Information:
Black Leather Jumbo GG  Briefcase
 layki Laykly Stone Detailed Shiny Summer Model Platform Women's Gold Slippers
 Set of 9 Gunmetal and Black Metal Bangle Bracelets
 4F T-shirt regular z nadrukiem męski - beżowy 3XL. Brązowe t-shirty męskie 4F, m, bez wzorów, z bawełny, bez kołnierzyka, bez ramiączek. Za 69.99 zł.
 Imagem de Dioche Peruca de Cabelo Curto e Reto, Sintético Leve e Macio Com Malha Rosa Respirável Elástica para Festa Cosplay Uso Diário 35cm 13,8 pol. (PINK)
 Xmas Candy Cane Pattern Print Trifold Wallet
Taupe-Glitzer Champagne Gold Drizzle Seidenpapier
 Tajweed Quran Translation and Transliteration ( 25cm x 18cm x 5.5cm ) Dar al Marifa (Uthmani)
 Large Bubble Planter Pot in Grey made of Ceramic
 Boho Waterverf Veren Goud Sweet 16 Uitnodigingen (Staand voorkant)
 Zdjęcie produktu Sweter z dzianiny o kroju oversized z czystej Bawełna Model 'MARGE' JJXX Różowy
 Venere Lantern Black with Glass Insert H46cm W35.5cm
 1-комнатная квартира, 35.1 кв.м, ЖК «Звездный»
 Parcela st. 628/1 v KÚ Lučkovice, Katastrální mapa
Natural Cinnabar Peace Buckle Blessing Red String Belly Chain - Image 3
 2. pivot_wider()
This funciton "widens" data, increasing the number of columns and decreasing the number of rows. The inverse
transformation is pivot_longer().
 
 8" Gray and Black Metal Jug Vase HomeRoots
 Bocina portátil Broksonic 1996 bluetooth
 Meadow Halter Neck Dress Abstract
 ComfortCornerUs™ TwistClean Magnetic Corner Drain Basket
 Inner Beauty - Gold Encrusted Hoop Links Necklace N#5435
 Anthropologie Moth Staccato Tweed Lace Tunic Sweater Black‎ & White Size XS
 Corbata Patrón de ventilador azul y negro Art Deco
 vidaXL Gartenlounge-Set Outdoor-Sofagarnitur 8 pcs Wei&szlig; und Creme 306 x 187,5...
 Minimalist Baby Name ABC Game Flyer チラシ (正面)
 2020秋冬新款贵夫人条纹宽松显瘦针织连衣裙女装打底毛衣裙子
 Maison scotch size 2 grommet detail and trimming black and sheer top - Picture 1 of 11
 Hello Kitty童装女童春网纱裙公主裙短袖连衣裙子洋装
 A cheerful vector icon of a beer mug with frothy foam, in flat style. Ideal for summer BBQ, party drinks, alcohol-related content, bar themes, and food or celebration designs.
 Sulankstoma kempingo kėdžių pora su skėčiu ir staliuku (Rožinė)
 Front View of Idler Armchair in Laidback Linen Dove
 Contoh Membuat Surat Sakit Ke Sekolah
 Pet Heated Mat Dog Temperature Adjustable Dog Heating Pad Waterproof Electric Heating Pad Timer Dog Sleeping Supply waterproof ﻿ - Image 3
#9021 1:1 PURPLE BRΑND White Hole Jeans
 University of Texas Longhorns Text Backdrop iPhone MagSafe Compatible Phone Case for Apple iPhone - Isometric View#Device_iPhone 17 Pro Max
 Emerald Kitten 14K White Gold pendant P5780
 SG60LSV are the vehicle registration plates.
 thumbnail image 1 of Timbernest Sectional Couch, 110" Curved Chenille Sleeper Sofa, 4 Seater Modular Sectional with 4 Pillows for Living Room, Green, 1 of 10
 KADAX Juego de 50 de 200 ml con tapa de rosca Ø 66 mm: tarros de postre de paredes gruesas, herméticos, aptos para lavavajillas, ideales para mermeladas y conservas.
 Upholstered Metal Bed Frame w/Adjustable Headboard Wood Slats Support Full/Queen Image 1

Task directions:
Copy, please, exactly the lines that start at the first line of the data and end at the line containing "Tajweed Quran Translation", both kept and no others.

Completed exercise:
Black Leather Jumbo GG  Briefcase
 layki Laykly Stone Detailed Shiny Summer Model Platform Women's Gold Slippers
 Set of 9 Gunmetal and Black Metal Bangle Bracelets
 4F T-shirt regular z nadrukiem męski - beżowy 3XL. Brązowe t-shirty męskie 4F, m, bez wzorów, z bawełny, bez kołnierzyka, bez ramiączek. Za 69.99 zł.
 Imagem de Dioche Peruca de Cabelo Curto e Reto, Sintético Leve e Macio Com Malha Rosa Respirável Elástica para Festa Cosplay Uso Diário 35cm 13,8 pol. (PINK)
 Xmas Candy Cane Pattern Print Trifold Wallet
Taupe-Glitzer Champagne Gold Drizzle Seidenpapier
 Tajweed Quran Translation and Transliteration ( 25cm x 18cm x 5.5cm ) Dar al Marifa (Uthmani)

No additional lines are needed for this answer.